= Edward Kissane =

Irish priest and academic, President of Maynooth College 1942-1959

Edward J. Kissane (1886–1959) was an Irish priest, biblical scholar and President of St Patrick's College, Maynooth

==Early life and education==
Born in Killomeroe, Lisselton, County Kerry, he was educated at St Michael's College, Listowel and St. Brendan's College, Killarney before entering Maynooth in 1903. He was ordained a priest in 1910 before pursuing further study in the (then) newly established) Biblical Institute in Rome, where he was awarded the degree of L.S.S. He travelled to the Holy Land pursuing his Old Testament studies, and was much published on the subject. In 1913 Dr. Kissane took up a post at St. Augustine's Seminary, Toronto, Canada, as Professor of Sacred Scripture.

==Staff of Maynooth College==
In 1917 he returned to Ireland to take up the post of Professor of Sacred Scripture and Oriental Languages in St. Patrick's College, Maynooth.

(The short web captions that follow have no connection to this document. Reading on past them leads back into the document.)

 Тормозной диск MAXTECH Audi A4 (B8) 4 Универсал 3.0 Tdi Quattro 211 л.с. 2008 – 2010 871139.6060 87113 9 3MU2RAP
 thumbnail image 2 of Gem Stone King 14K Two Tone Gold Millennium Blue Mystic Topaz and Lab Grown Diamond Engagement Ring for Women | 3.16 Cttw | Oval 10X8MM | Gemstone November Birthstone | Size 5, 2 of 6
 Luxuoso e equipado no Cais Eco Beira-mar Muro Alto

Kissane was appointed vice-president of Maynooth College in 1941 in succession to Canon P O'Neill who had been made Parish Priest of Bruff, County Limerick.

==College President==
In June 1942 he became the College president when John D'Alton was appointed Bishop of Meath and in 1945 was appointed Domestic Prelate by Pope Pius XII. He was further honoured in June 1953 when he was appointed a Protonotary Apostolic, the highest college of prelates in the Roman curia.

Elected to the Royal Irish Academy in 1942, Monsignor Kissane was appointed pro-vice chancellor of the National University of Ireland in 1949.

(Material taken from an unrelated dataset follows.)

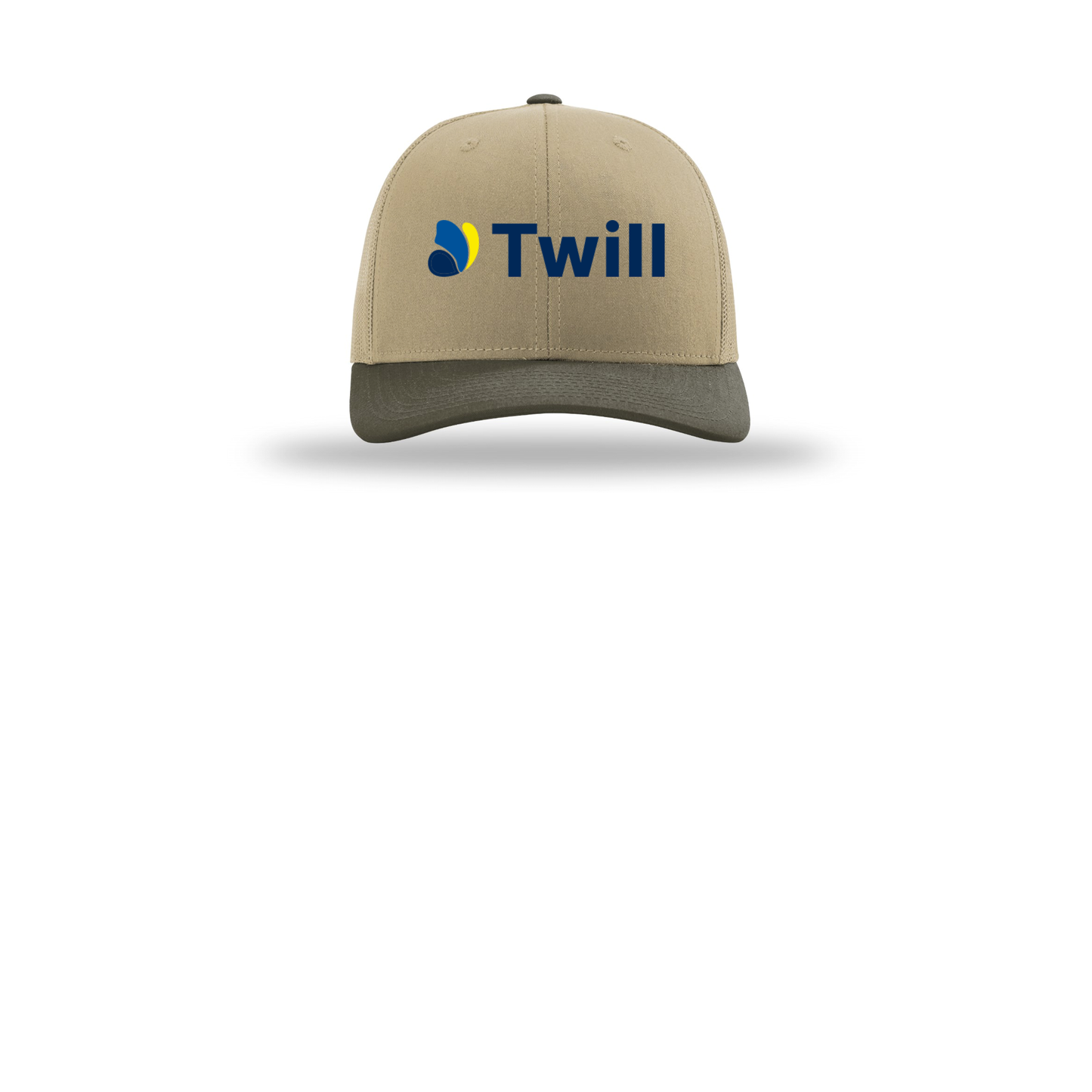 withtwill-richardson-trucker-cap-embroidery-capfront-R112-khakikhakichocolatechip-flat-front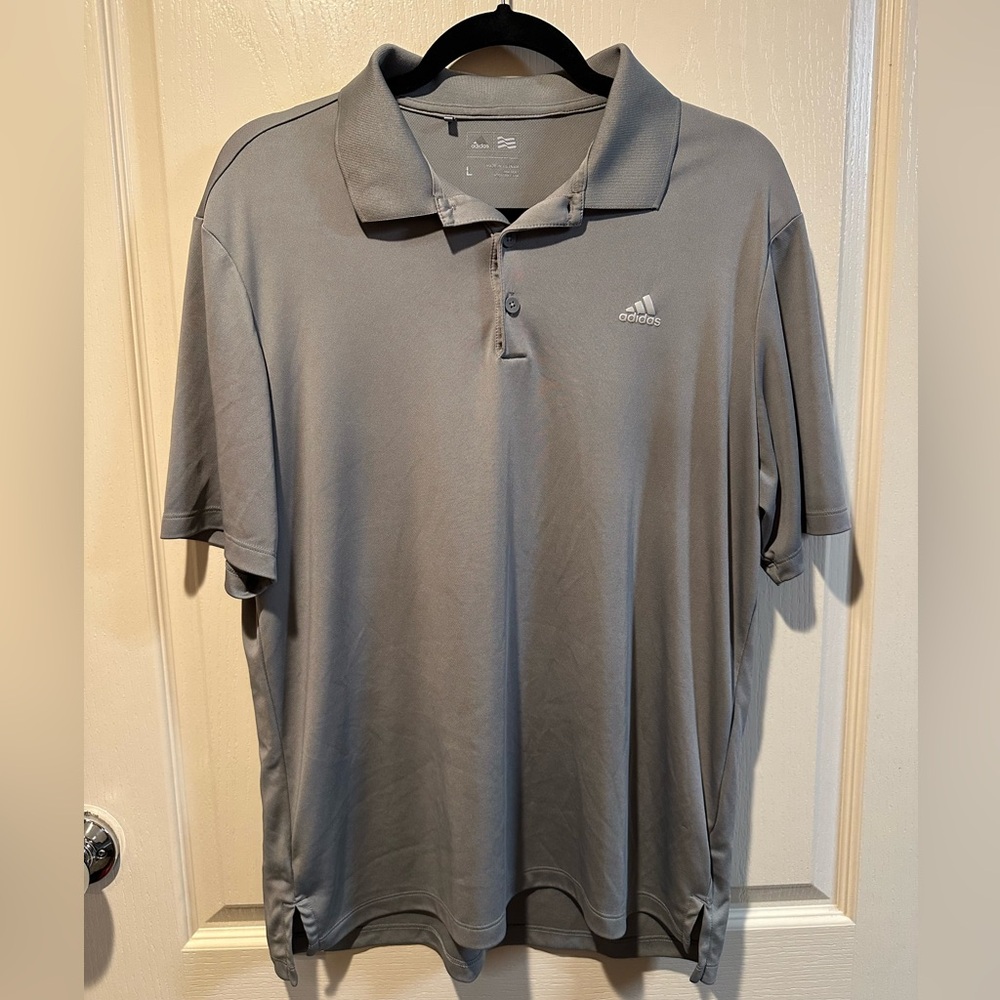 Adidas Gray Golf Polo- Large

He represented Ireland on KLM's inaugural flight from Amsterdam over the North Pole to Japan in November 1958.

He died in a nursing home in February 1959, and was succeeded by Monsignor Gerard Mitchell from the Archdiocese of Tuam.

==Publications==
- Book of Job by Rev. Edward J. Kissane, D.D., L.S.S., Browne and Nolan Ltd, 1939.
- Book of Psalms by Rev. Edward J. Kissane, D.D., L.S.S., Browne and Nolan Ltd, 1954.
- Book of Issiah by Rev. Edward J. Kissane, D.D., L.S.S., Browne and Nolan Ltd, 1941.